The low-lying Vale of Mowbray between the central Pennines and the Hambleton Hills is the location for a remarkable concentration of Neolithic and Bronze Age monuments. There are no less than six giant henges, all almost identical in their size and design, located within 10kms of each other. They are the largest such sites outside the Wessex chalkland.

The significance of this area is emphasised by the existence of other nearby monuments. Immediately to the south of the Vale of Mowbray lies the imposing stone settings of the Devil’s Arrows, while to the north is the cursus at Scorton.

The most impressive monuments can be found at Thornborough (SE 7928). Sited across a gravel plateau which flanks the River Ure are three almost identical and equally-spaced henges all with the same north-west/south-east alignment. They are approximately 550m apart and the alignment extends for nearly 1.7km. The central henge is superimposed upon an earlier cursus while a double pit alignment extends for at least 350m alongside the southern henge. A number of round barrows are scattered across the landscape including at each end of the double pit alignment.

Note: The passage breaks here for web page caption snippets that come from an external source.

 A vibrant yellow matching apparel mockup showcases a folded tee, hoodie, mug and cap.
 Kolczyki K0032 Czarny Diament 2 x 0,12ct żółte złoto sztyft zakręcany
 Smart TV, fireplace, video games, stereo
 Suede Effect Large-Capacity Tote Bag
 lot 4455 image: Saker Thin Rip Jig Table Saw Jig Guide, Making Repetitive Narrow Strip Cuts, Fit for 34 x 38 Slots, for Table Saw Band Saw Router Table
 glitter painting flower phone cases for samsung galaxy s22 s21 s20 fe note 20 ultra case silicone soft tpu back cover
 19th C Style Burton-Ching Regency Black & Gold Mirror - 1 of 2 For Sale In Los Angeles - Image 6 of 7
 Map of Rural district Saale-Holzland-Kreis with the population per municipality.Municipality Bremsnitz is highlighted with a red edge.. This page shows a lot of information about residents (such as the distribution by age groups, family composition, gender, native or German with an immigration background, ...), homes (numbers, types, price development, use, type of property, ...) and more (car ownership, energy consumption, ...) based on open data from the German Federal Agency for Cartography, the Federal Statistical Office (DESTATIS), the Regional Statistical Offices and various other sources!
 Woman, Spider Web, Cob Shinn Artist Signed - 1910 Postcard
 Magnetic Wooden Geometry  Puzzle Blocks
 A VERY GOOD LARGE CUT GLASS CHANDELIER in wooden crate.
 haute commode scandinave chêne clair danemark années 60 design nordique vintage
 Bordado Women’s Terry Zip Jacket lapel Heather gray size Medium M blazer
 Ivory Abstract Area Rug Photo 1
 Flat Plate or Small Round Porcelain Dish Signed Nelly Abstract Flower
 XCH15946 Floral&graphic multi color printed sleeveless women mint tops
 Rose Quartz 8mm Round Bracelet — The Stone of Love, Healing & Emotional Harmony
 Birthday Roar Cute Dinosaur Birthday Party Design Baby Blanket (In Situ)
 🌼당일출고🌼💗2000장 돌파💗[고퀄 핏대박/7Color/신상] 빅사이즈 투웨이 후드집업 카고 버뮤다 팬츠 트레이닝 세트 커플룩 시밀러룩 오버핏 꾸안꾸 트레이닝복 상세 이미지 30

The design of the henges sets Thornborough apart from most comparable later Neolithic complexes. Their size is almost identical, each possessing a diameter of around 240m. They are enclosed by a massive ditch and bank, interrupted by a pair of entrances, and an outer ditch. Their design is matched by the three almost identical monuments a few kilometres downstream at Nunwick, Hutton Moor and Cana Barn.